The ocean would not take me back. The depths had lost their luminescence for me. Now their waters were dark and murky. I fought against the force of the water pushing me up towards the surface, trying to claw and kick my way through with my frail limbs. Even as I struggled to swim down deeper, I could feel the air being crushed from my lungs and the further down I swam the more I could feel the pressure in my ears, around my fragile skull. Saltwater forced its way up my nose, until I was choking on the smell of seaweed and preservation sent me hurtling back to the surface. 

I broke through the waves once again, coughing up a bit of sea water, and tossed my sodden hair out of my eyes. I lay back in the water, drifting listlessly, and let the sea shove me back towards the shore. It spat me back onto the wet sand and retreated from my feet with a hiss. 

I dragged myself upright and dug my feet into the damp, warm sand and let the earth swallow my feet. The earth would not reject me. For a minute, I just listened to the roar and crash of the ocean, watched the froth of the sea tumble towards me and draw away again, and let the waves unbury and bury my feet in soft sand. 

I still hated the feeling of the wind on my skin and the sharpness of the sound in the air. In the water, sound was thick and round as bubbles. Water embraced you, enveloped you. Above the surface, everything was thinner, sharper. Light, sound, even sensation. 

But the ocean would not take me back. 

I closed my eyes and buried my face in my drawn-up knees. 

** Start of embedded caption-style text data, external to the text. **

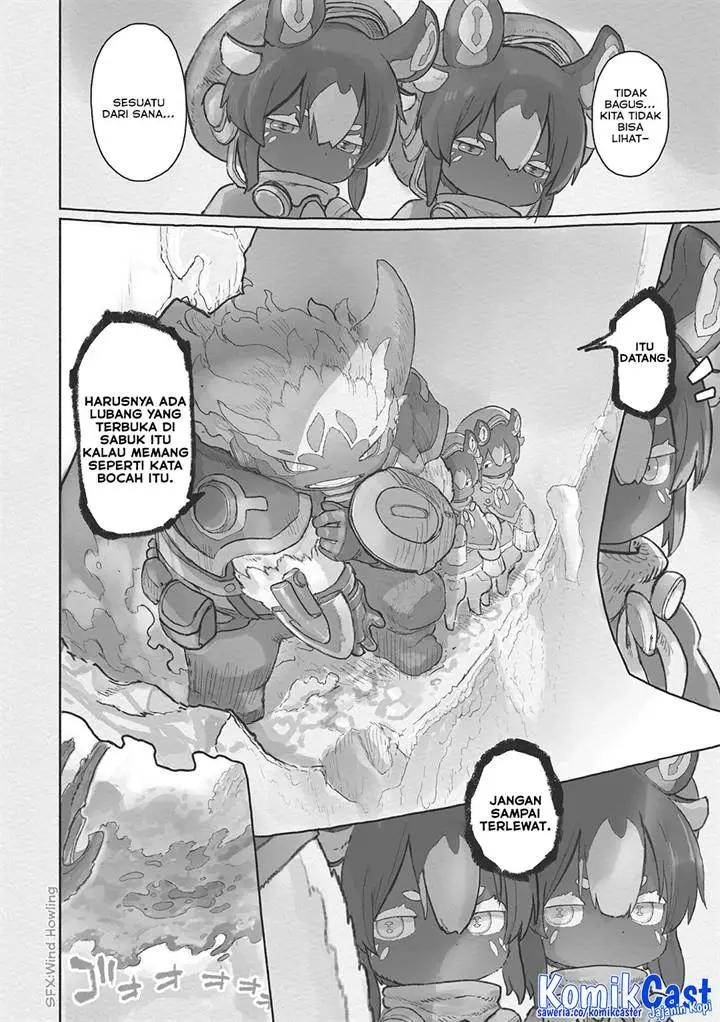 image-komik-made-in-abyss-chapter-71-34/46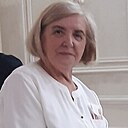 Альфия, 69 лет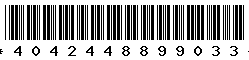 4042448899033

Cyrena was the one who had wanted to leave the ocean. She was always talking about wanting to go to the surface. I had found her, more than once, drifting just below the curved, bubbling surface of the water. 

But we were not sirens. And we knew the rules. Breaking the surface was a forever choice. Breaking the surface meant transformation. Breaking the surface meant never coming back to the ocean. 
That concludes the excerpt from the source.